"All the world will be your enemy, Prince With A Thousand Enemies, and when they catch you, they will kill you. But first, they must catch you; digger, listener, runner, Prince with the swift warning. Be cunning and full of tricks, and your people will never be destroyed."Digger. Deep warrens, deep bunkers, buried caches, hidden tunnels. A survivalist with some property can become about half mole pretty quickly.
Listener. Talk radio, news blogs, backyard telegraph, shortwave receivers. A survivalist always has his ear to the wind for the warning that could save his life.
Runner. BOV's, BOL's, maps, contingency routes, fuel cans, route marches. A survivalist is always prepared to travel long distances at a moment's notice.
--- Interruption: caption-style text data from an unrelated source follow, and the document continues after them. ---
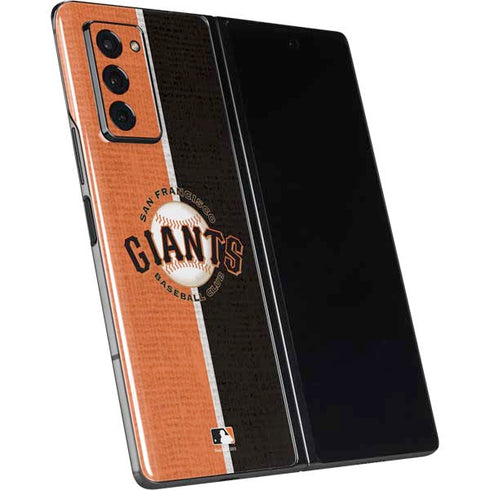 MLB San Francisco Giants Split Galaxy Z Fold2 5G Skin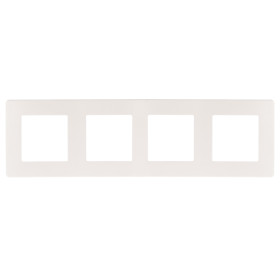 ЭРА Рамка для розеток и выключателей Серия 12 12-5104-01 на 4 поста, Сатин, белый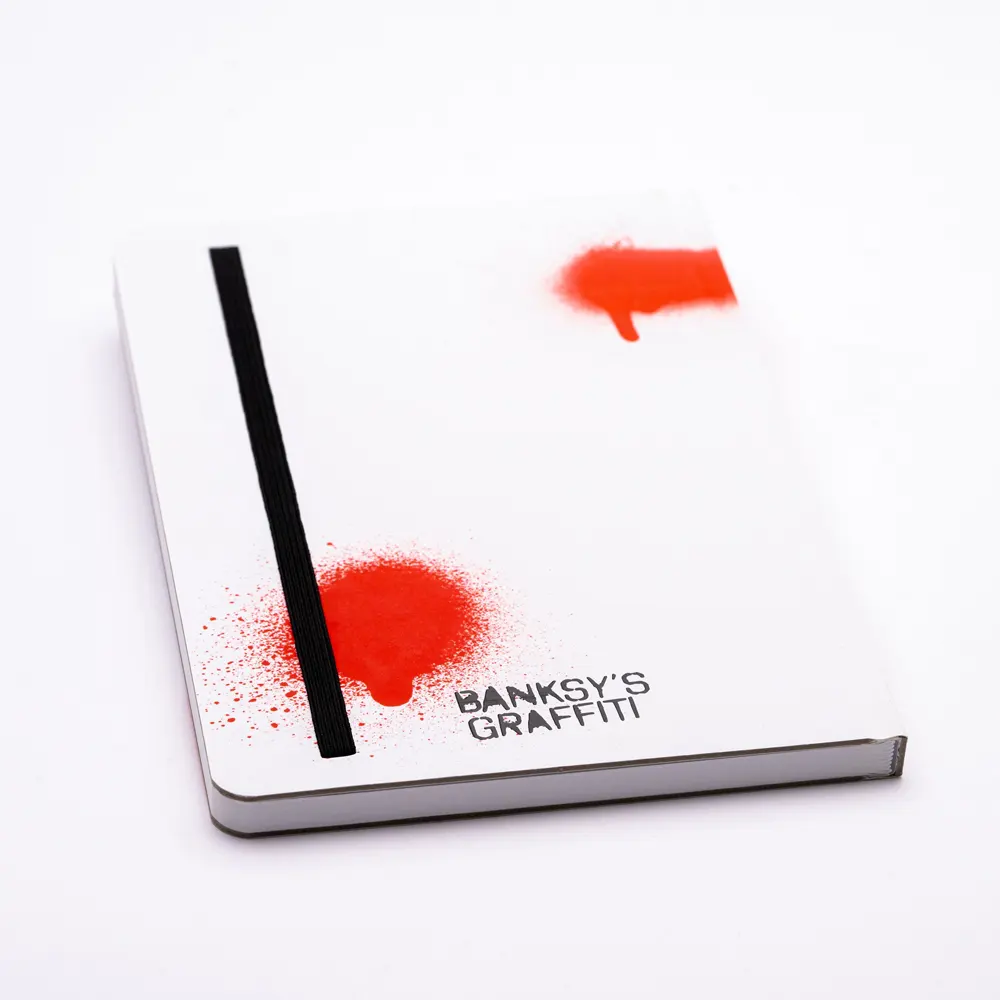Бележник Pininfarina - Banksy Collection, Rat White, A5 - 4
If you've read Watership Down, remember that about half of that book is a desperate bugout across hostile territory. (The rest is covert warfare with combined arms against a tyrannical dictator, FYI.)
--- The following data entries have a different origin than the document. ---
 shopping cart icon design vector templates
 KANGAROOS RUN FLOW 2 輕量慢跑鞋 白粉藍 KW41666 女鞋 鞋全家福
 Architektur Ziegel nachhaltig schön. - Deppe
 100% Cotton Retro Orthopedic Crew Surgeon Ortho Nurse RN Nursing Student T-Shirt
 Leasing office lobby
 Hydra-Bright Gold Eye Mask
Swift Warning. Phone trees, ham radios, field telephones, code phrases, signal flares. A survivalist has multiple redundant levels of communication to spread actionable intelligence throughout the tribe.
Working on Codex Kalachnikova, America's Number One pulp novel about Conan with an AK, has refined this concept in my head, to the point where these phrases are actually religious commandments. The more I read Watership Down, the more I'm convinced that it contains lessons that we are no longer heeding. But I like to apply them to my own life, as well as my attempts at fiction, so what exactly does that make me? A bona fide subversive? Some degenerate pagan furry? Or the most pitifully brilliant genius of our flaccid, spoon fed generation?
I think I'm gonna go with the latter. I never did get the fur thing.